Why you’ll love this recipe
- Quick and easy – an easy recipe, made in under 30 minutes with simple pantry staples.
- Make ahead – short on time? Make it ahead and store it in the fridge, ready to serve with minimal effort.
- Easily multiplied – this recipe can be easily doubled or tripled when feeding a crowd.
- Perfect for any occasion –a worthy side dish for Aussie BBQs, picnics, Christmas celebrations, family brunch, lunch or dinner.
- So good – tender potatoes, crispy bacon and the ultimate homemade dressing made with mayonnaise and sour cream that will make you never want to buy store-bought dressing again! It is a guaranteed crowd-pleaser.
- Customisable – use this recipe as a base and load it up with your favourite add-ins to create the potato salad of your dreams!
Need some more tasty salads and sides for your next event? Try this vermicelli noodle salad or cold pasta salad!
Ingredients you’ll need
** This post contains tips and instructions to achieve the best possible results. The photo above is a great guide for when you are in the supermarket, but for full ingredient quantities and methods, please scroll down to the detailed recipe card below!

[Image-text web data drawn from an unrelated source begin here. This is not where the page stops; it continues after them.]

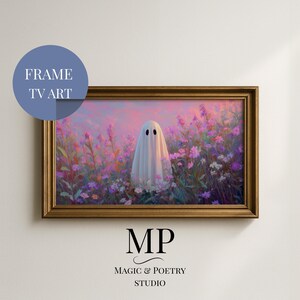 May include: A framed digital art print featuring a whimsical ghost in a field of purple and pink flowers. The artwork has a soft, dreamy quality, with a gold-colored frame. The text "FRAME TV ART" is in a blue circle in the upper left corner.
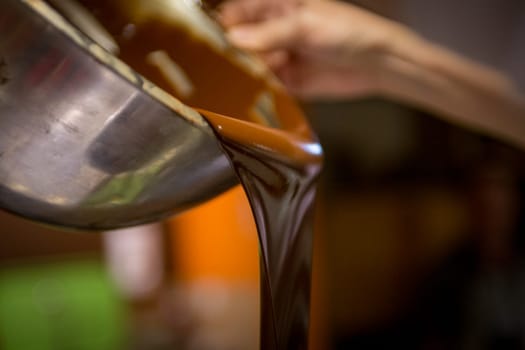 A Chocolatier Pouring Melted Chocolate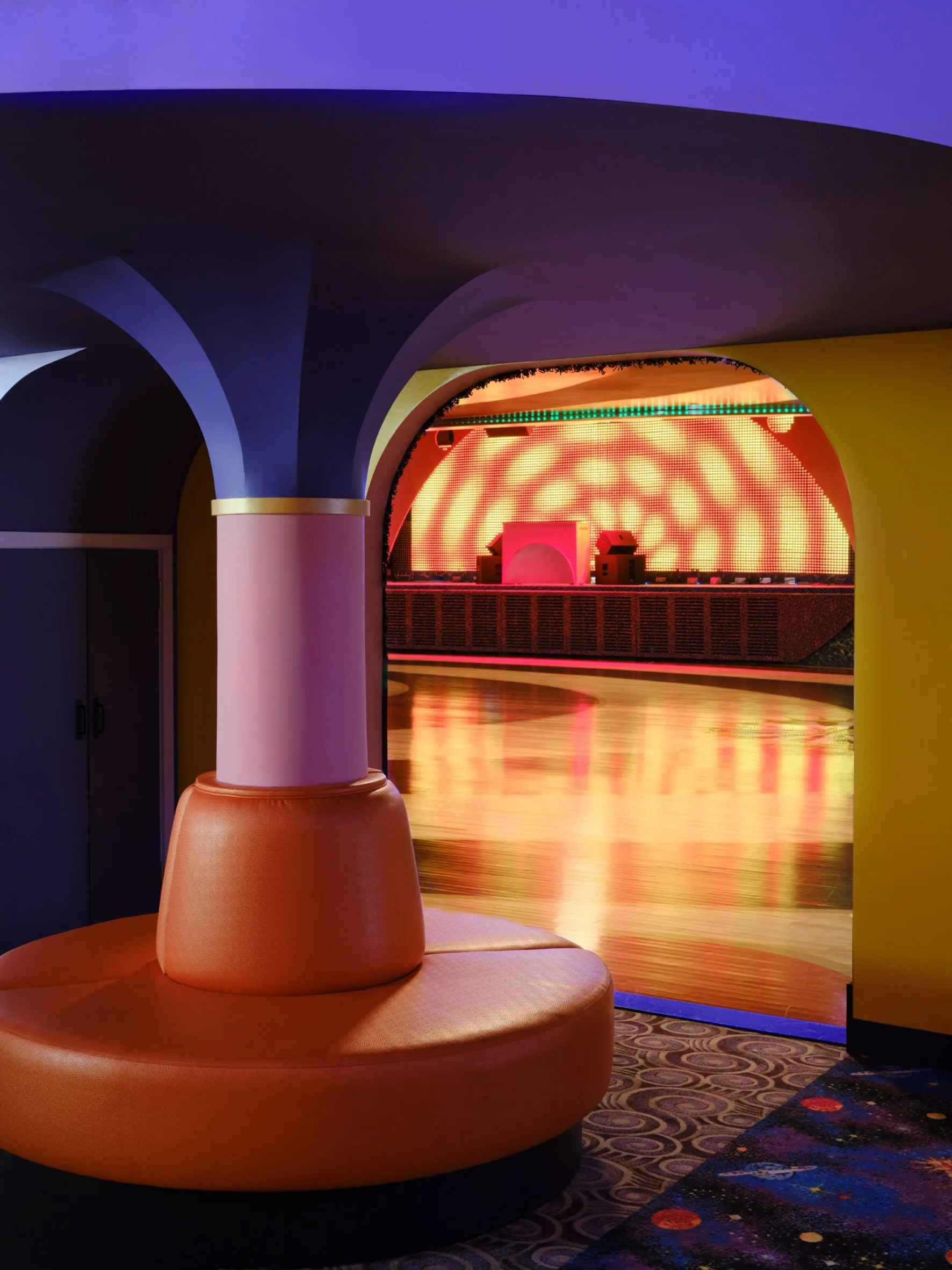 Rounded padded seat wrapping a column at Xanadu with the rink beyond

- Potatoes – small, waxy and thin-skinned potatoes are best for potato salad, as they tend to hold their shape when boiled. Steer clear of starchy potatoes, as they have a tendency to fall apart and become mushy during the cooking process.
In Australia, Kipfler, Dutch cream, Desiree, Nicola, Pontiac or baby red potatoes are perfect. Fingerling potatoes also work well. I leave the skin on, but feel free to remove it if preferred. Small or baby potatoes are perfect, as they are already bite-sized and don’t need to be cut. For larger potatoes, cut them into bite-sized chunks. Cooking times can vary, depending on size, so keep an eye on them to avoid overcooking. - Bacon – aside from the potatoes, bacon is the star ingredient and adds a crispy, salty, savoury element to the salad. Pancetta can also be used. Use middle bacon and fry it until it is browned and extra crispy!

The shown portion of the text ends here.